In FCLs, only IAs are compressed and stored in on-chip memories. SPA does not contain any on-chip memories for weights of FCLs because here weights can not be reused, and SPA employs a serial manner to process FCLs. Directly using absolute indices of input neurons significantly increases the on-chip buffer size when there are a larger number of input neurons. Therefore, as depicted in Figure 5(b), SPA uses differential encoding to compress the IA data in FCLs. In practice, the differential index is represented by five bits. If the distance between two non-zero input neurons exceeds 31, a zero will be inserted.

#### 5.3 SCPP dataflow for CLs

In this subsection, we present the dataflow of CLs. Chen et al. [22] has demonstrated that the choice of dataflow plays a great effect on the efficiency of an architecture. In essence, the dataflow of CLs can be viewed as a specific permutation of the nested loop with six loop variables: m, c, h, w, r, s. While crafting an optimal dataflow is beyond the scope of this work, we propose a customized dataflow called SCPP, which is compatible with the fundamental SPSC-TVM and enables data reuse. Figure 6 shows



Figure 6 (Color online) SCPP dataflow presented in the picture work flow style to give a simple illustration.
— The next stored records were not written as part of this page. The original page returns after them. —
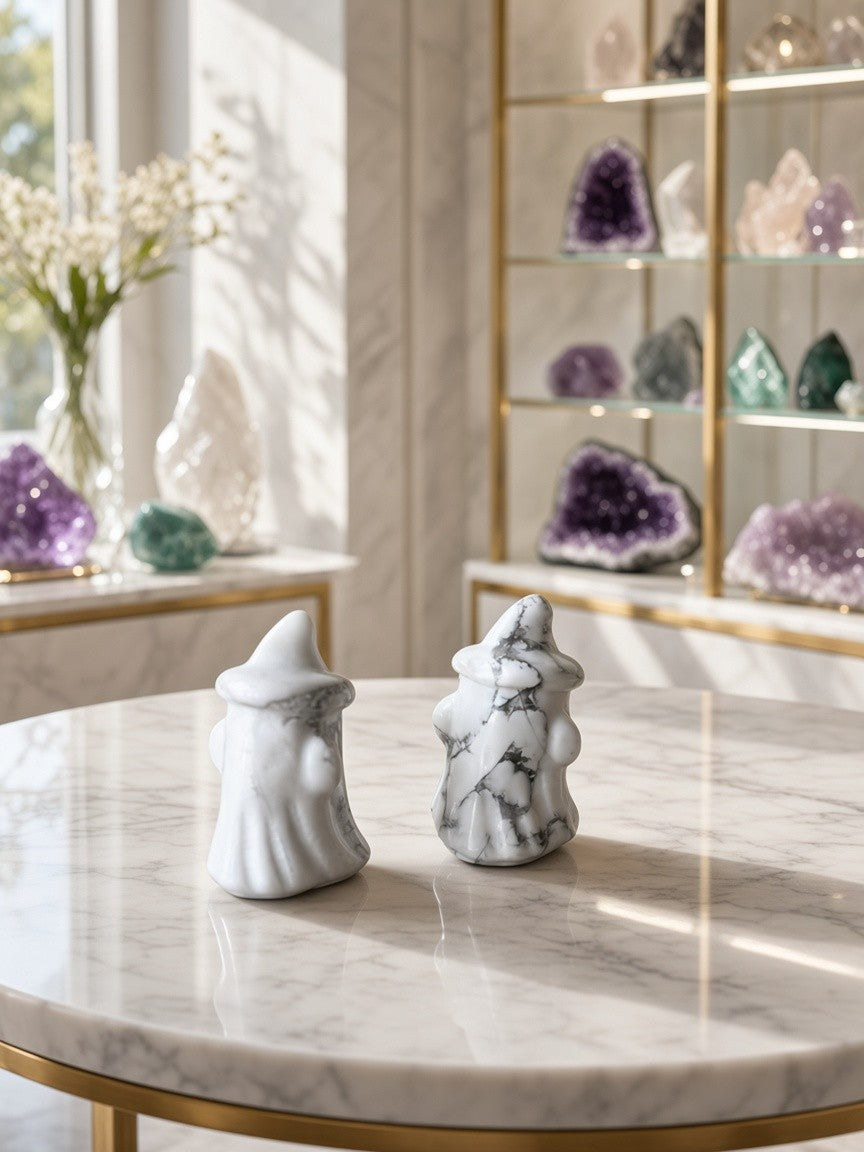 White Howlite Ghost Carving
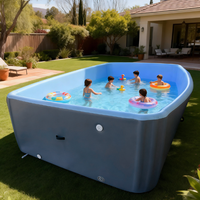 Piscine rectangulaire gonflable en PVC durable, grande piscine familiale d'extérieur, taille personnalisable, pour jardin et divertissement aquatique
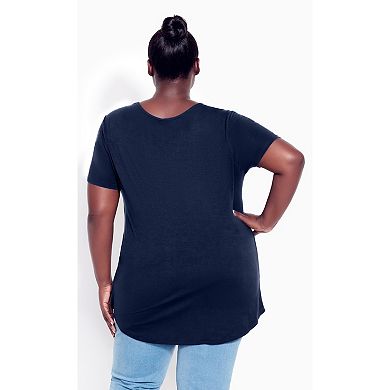 Avenue Women's Plus Size V Cut Out Top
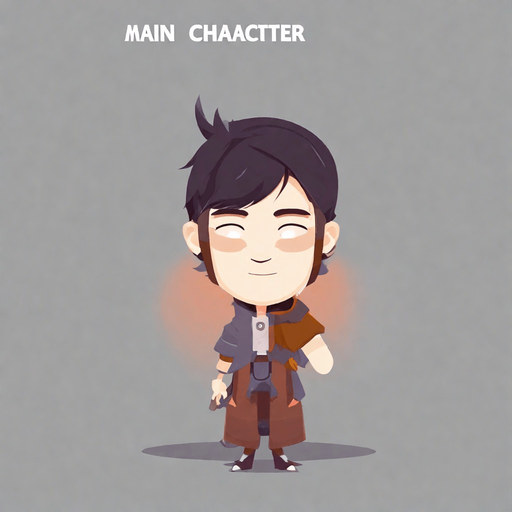 Ana karakter 
. No background. Transparent background. Blank background. No shadows. 2d. In-Game asset. flat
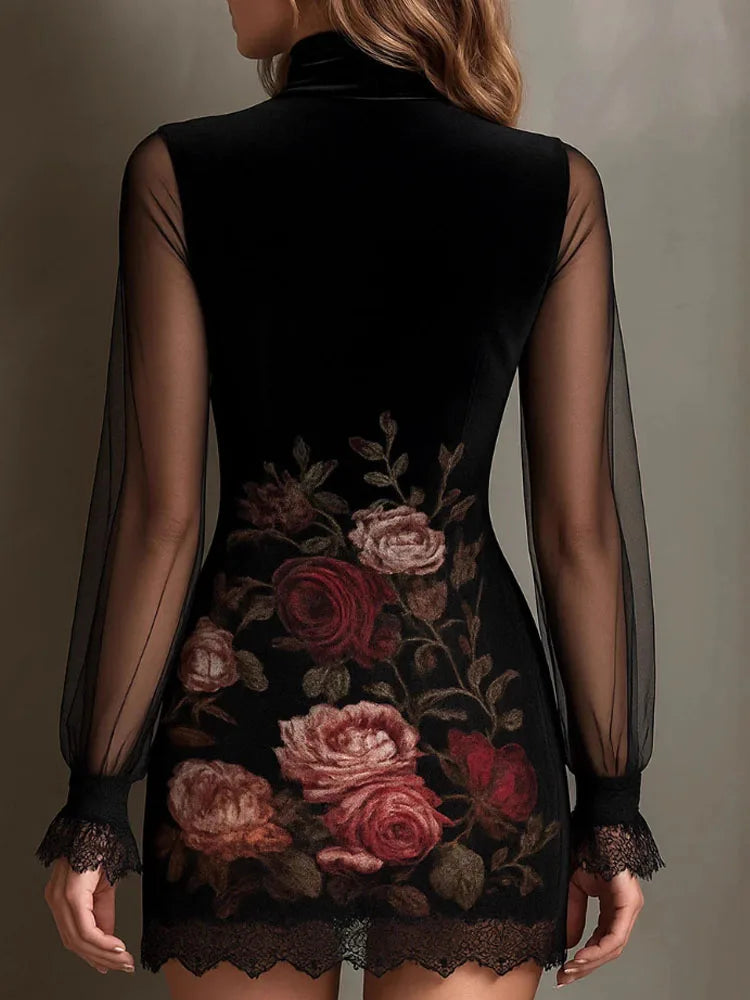 Darina | Velour dress with floral print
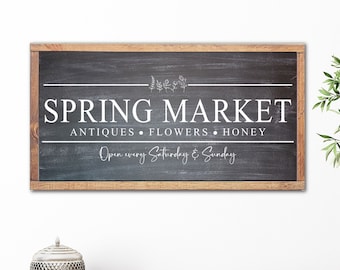 Spring Market Sign, Farmhouse Flower Market Spring Sign, Spring Farmers Market Wood Sign, Entryway Spring Decor, Spring Wall Art Decor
the picture version of the SCPP dataflow without detailed mathematical functions to give a simple and visual illustration.

SPA processes CLs in a layer-by-layer style. In a layer, we choose the kernel dimension m as the outermost loop. To this end, SPA has a weight buffer that can accommodate a whole kernel. Then, the weight buffer needs to be refilled by the next new kernel once an OA feature map is obtained. This configuration has two good properties: (a) reducing frequent accesses to the energy-expensive off-chip dynamic random access memory (DRAM) and (b) exploiting weight sparsity to reduce the size of the on-chip weight buffer. For IA data, it is usually impossible to store all of them in the on-chip memory as IA data are not compressed here and the size of IA data is usually much larger than a weight kernel. Therefore, we break IA data with size  $H \times W \times C$  into  $H \times W/T_{\rm IA}$  small IA tiles with size  $(T_{\rm IA} \times C)$  along the pixel dimension of the IA plane. One IA tile is loaded onto the IA buffer at a time.

Now, we introduce the detailed processing flow after a kernel and an IA tile are loaded onto the chip. The computational form of SPSC-TVM requires two psums (i.e.,  $a_1 \times w_1$  and  $a_2 \times w_2$ ) to be additive. To satisfy this characteristic, we find that according to (7),  $R \times S \times C$  multiplications' outputs contributing to an OA are additive. Moreover, SPA needs to be highly efficient in all possible kernel sizes, such as  $3 \times 3$  and  $1 \times 1$ . We therefore break down the kernel with size  $R \times S \times C$  into  $R \times S$  weight channel vectors with size  $1 \times 1 \times C$ , which are processed serially. Moreover, each weight vector is further broken into  $C/T_C$  sub-vectors defined as weight workloads, which are serially fed to the computing resources. Here, the design parameter  $T_C$  is the tiling size along the channel dimension. For the IA data, each IA tile is further split into  $C/T_C$  IA workloads with the size  $T_{IA} \times T_C$ .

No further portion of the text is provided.